▶ **Data below**:
^^^^^^^^^^^^^^^^

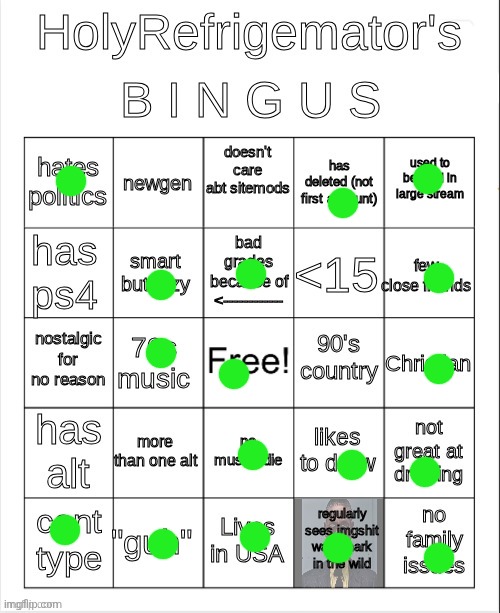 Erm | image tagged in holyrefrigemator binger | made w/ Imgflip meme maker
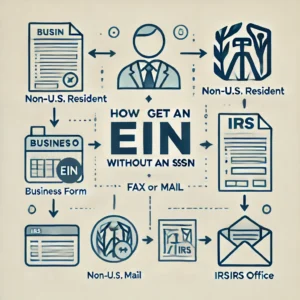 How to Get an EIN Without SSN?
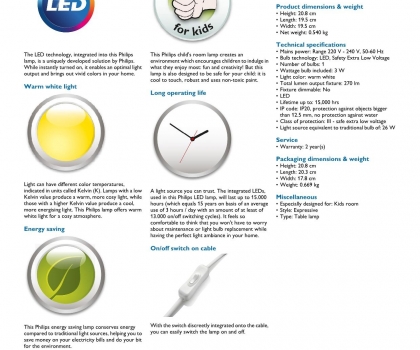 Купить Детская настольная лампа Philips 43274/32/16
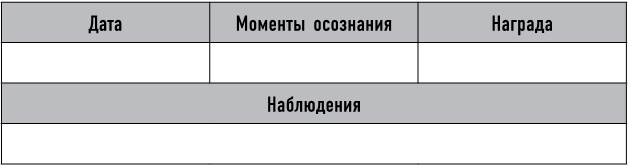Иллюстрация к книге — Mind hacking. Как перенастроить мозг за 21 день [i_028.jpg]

^^^^^^^^^^^^^^^^

▶ **What you have to do**:
Restate the full listing verbatim and drop every picture.

▶ **Output of the exercise**:
 Erm | image tagged in holyrefrigemator binger | made w/ Imgflip meme maker
 How to Get an EIN Without SSN?
 Купить Детская настольная лампа Philips 43274/32/16
Иллюстрация к книге — Mind hacking. Как перенастроить мозг за 21 день [i_028.jpg]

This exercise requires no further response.